Terik Hashmi, Attorney at Law - Legal Commentary


In case of forfeiture complaint against Iran-owned property in New York City under IEEPA, Second Circuit remands because of the unresolved issues of knowledge of Iranian ownership and money laundering

In this case, the United States Court of Appeals for the Second Circuit reviews an appeal from a summary judgment by the United States District Court for the Southern District of New York. The district court forfeited various Claimants’ interests in multiple properties in the United States as proceeds traceable to violations of the International Emergency Economic Powers Act (“IEEPA”) and certain Iranian Transactions Regulations issued by the Department of the Treasury, and thus forfeitable under 18 U.S.C. § 981(a)(1)(C), and as property involved in money laundering transactions under 18 U.S.C. § 981(a)(1)(A). These properties include a 36-story office building located at 650 Fifth Avenue in Manhattan ("the Building"), real properties in Maryland, Texas, California, Virginia, and New York, and several bank accounts, (collectively, "Defendant Properties").

In 1973, the Shah of Iran, Mohammad Reza Pahlavi, incorporated the Pahlavi Foundation as a New York not-for-profit corporation. In 1974, the Pahlavi Foundation acquired property at 650 Fifth Avenue in New York City (“the Property”). In 1975, at the Shah’s direction, Bank Melli, which is wholly owned by the Iranian government, loaned the Pahlavi Foundation $42 million for the construction of a 36-story office tower on the Property.
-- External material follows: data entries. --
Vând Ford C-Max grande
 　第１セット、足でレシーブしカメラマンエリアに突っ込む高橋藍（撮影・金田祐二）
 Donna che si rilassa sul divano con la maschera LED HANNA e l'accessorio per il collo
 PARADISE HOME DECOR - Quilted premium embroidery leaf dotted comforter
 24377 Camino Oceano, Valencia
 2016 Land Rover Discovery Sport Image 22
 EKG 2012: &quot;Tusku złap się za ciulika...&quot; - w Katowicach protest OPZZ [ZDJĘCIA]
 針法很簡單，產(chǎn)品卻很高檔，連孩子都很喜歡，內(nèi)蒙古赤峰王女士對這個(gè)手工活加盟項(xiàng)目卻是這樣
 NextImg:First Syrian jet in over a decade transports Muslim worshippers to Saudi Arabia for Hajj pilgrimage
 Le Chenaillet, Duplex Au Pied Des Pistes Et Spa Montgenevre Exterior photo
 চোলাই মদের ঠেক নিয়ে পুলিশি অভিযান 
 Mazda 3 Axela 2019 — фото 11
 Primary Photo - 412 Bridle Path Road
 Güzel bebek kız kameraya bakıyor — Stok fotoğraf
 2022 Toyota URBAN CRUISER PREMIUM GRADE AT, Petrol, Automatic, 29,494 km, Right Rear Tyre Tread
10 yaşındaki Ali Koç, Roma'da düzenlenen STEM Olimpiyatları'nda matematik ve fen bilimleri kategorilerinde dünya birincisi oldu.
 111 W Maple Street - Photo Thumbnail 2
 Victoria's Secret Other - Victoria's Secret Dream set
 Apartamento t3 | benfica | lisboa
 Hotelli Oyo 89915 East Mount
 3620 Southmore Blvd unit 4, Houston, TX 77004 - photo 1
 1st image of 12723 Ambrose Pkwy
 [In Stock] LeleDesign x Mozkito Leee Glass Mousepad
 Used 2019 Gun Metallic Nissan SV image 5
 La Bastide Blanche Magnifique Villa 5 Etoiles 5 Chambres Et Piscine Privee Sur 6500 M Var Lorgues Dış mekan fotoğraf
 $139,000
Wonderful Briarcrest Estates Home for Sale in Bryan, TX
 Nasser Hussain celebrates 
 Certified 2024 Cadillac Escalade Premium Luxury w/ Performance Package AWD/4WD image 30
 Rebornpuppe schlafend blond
After the 1979 Iranian Revolution, the new Iran’s Supreme Leader, Ayatollah Ruhollah Khomeini, ordered the formation of the Bonyad Mostazafan, an entity charged with managing property expropriated by the revolutionary government, including that at 650 Fifth Avenue. In 1980 the Pahlavi Foundation was renamed the Mostazafan Foundation of New York, while in 1992 it was renamed as the Alavi Foundation.

In addition to the Building, Alavi acquired seven real properties in the 1980s and 1990s, including two parcels of land in Rockville, Maryland, one property in Houston, Texas, one property in Carmichael, California, two parcels of land in Prince William County, Virginia, and one block of lots in Queens, New York (collectively, “Alavi Real Properties”).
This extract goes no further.